Maestro

Watching a narrative film made in Hollywood is a lot like riding a skateboard downhill; you look to find your point of balance and once that’s established, gravity will do the rest. That said, I found Maestro a difficult film to find my balance on.  

Generally, watching such a film is a very simple matter. You’re given a clearly demarcated protagonist mapped out across a beginning, a middle and an end: all that’s left for you to do is sit there and the experience will be delivered, more or less like a pizza. It’s what big-budget Hollywood specialises in, and generally guarantees.

Anyone who has watched films made outside that market will be aware that the only absolute definition of a film is to say that there will be a start and a finish and anything else can happen in between. Story is not the essential condition.

Films are often called ‘experimental’ if they don’t have a story, and in some respects, Maestro seems to fall closer to this definition, whether that is by accident or design.

The key to this is Bradley Cooper. His name is all over it: he plays the lead role of Leonard Bernstein in a film he has written, directed and also produced.

Cooper is famous as an actor, and it is safe to assume that by virtue of that success he has been able to secure the opportunity to make a film that allows him so many offices, and what appears to be so much control.

The first name to come up during the final credits – archival footage of the maestro conducting, the eponymous genius in full flight – is the producer’s credit for Martin Scorsese.

Scorsese is known not only by his status as a maestro, but by a long, successful career during which he has successfully navigated the marketplace.

Scorsese’s most recent film, Killers of Flower Moon, is an indigenous story. Cooper’s film, according to Netflix, is an LGBTQI+ story. For white male members of the establishment, working within the current marketplace’s taste for ideologically correct entertainment is a condition of this period of history, which places Maestro at an interesting counterpoint to Tar.  

Cooper’s film is best described, in terms of both its strengths and weaknesses, as having been made by someone who understands filmmaking as an actor. An actor delivers a performance, and does so on the basis of their skill.

The two leads, Cooper and Carey Mulligan, who plays Bernstein’s wife, Felicia Montealegra Bernstein, provide absolutely stunning performances. The film begins in a somewhat cliched way, with Bernstein being interviewed.

He quotes a poem by Edna St.
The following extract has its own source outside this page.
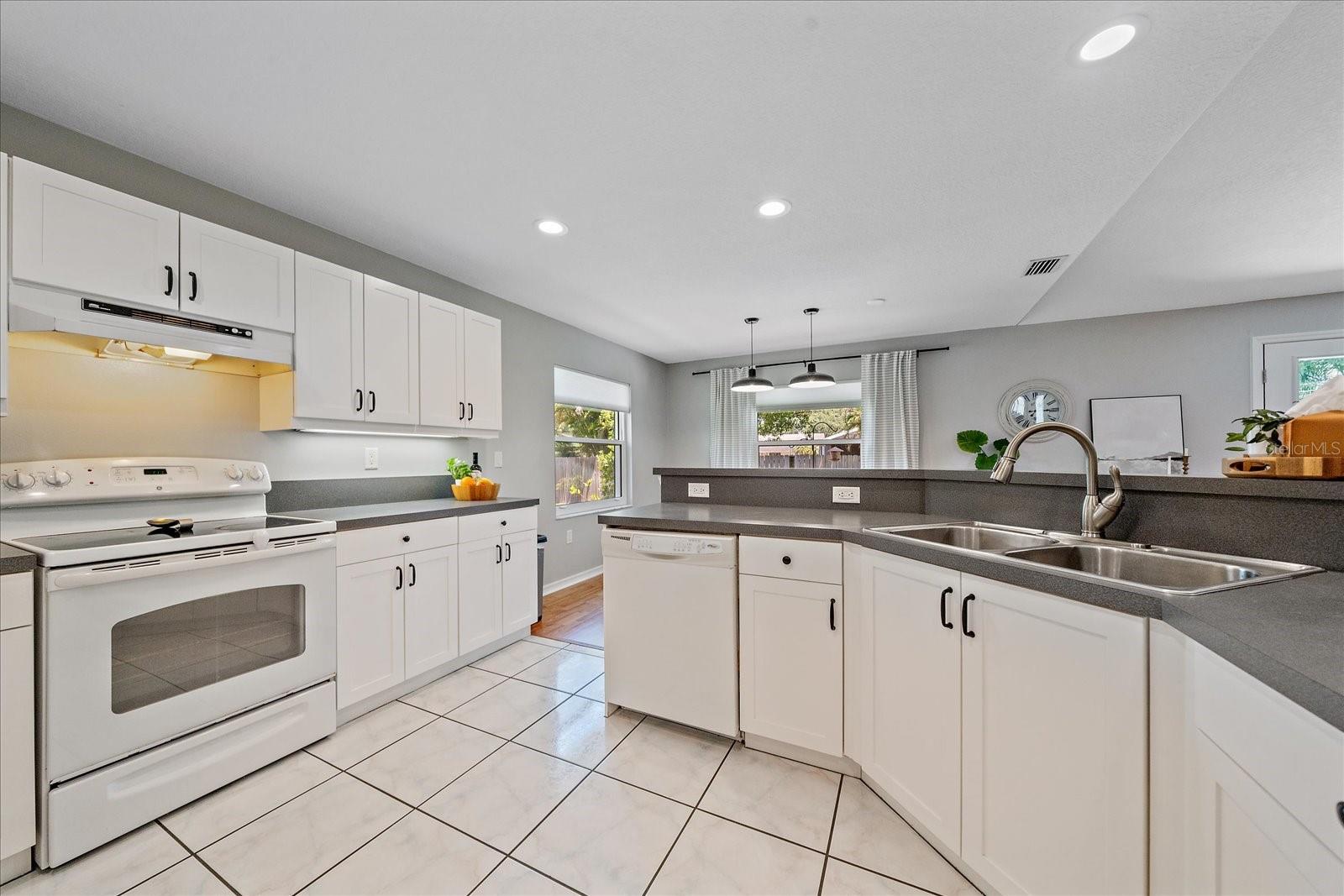 LAKE SARASOTA - Residential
Vincent Millay, that his now deceased wife had used to make an observation about him and his lust for life.

From here, the film presents a retrospective in chronology, although not necessarily connected through causality, to build a portrait of these characters and their marriage, which is made complex by Bernstein’s bisexuality and the fame that gives him license to do whatever he wants.

Bernstein seemingly crossed a lot of personal and professional lines, which is especially confronting within a post ‘me too’ rubric.  

These scenes, particularly once the film shifts from black and white to colour, are magnificently composed, and demonstrate what mainstream Hollywood does so well, which is to create an idealised reality in a given time period.

This requires a lot of cash. For that reason, these kinds of scenarios are rarely seen outside of big-budget American films.

As far as establishing insight into the characters and their relationships, the film is a little less effective. Many scenes appear to be chosen for their impact as spectacle, rather than character development.

The best example of this is probably Bernstein’s conducting of Mahler’s resurrection symphony at Ely Cathedral, one of the maestro’s most famous performances.

I found it difficult to understand why the scene had been chosen, and how it related to what I had seen before it. However, it is such a stunning set-piece, and such an overwhelmingly affecting piece of music, it swiftly carried me away.

One thing that’s for sure, though, is that Cooper and Mulligan understand their characters intimately. The film hits high gear once Montealegra is diagnosed with cancer, and every scene after that revolves around her dying; the emotional impact on her, and the effect on the family around her.

In this regard, I consider Maestro to be a resounding success. It’s a tableau of scenes that might not deliver a complete narrative experience, in the way someone going to a film of this kind would expect.

It does, however, provide bravura music and visuals as the platform for two tour-de-force performances and may, in that sense, qualify as something of a masterpiece.